Until recently, the phonograph literature of this music was anything but plentiful, although excerpts have long been available, including performances by some of the greatest voices ever to sing Wagner. Available today on LP transfers, the work of Frieda Leider,9 Lauritz Melchior,10 and Friedrich Schorr11 shaped the standards by which their successors have been judged. The sound of these records, advanced for their day, remains acceptable, if of limited brilliance and depth.

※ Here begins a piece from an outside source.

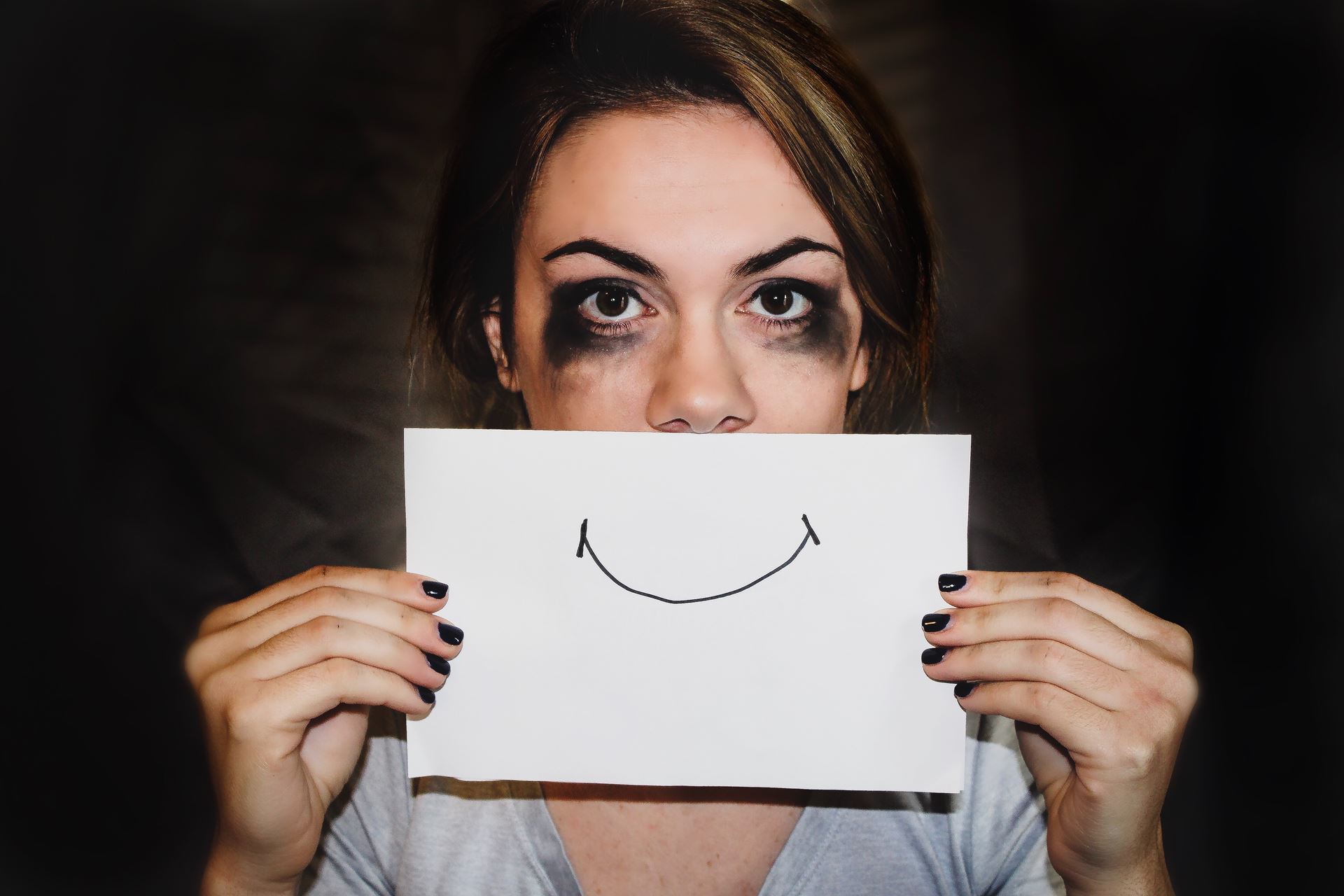 a person with smudged eyes holding a paper smile over her mouth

Yet, of all opera, this music may be the least amenable to extraction of its highlights. Such skimming certainly does violence to Wagner’s basic goal, the replacement of the succession of set pieces formerly characteristic of opera—arias, ensembles, and interludes—by an integrated and continuous flow of dramatic plot and musical development. As a result of the music’s great length and the creative nature of the works themselves, adequate representation of the Ring on records awaited the arrival of the LP in 1948. But even then, coverage was slow in coming. Though LP transfers were made of the 1935 Bruno Walter-Lotte Lehmann-Melchoir Act I of Die Walküre12 and of the 1945 Walküre Act III13 with Artur Rodzinski, Helen Traubel, and Herbert Janssen, the longest new recording in the early years of the LP was another Walküre Act III,14 this time from Bayreuth with Herbert von Karajan, Astrid Varnay, and Sigurd Björling. From Rheingold there was as yet nothing, and from Siegfried and Götterdämmerung only the very end of each opera, passages which had been obtainable in several versions on 78′s.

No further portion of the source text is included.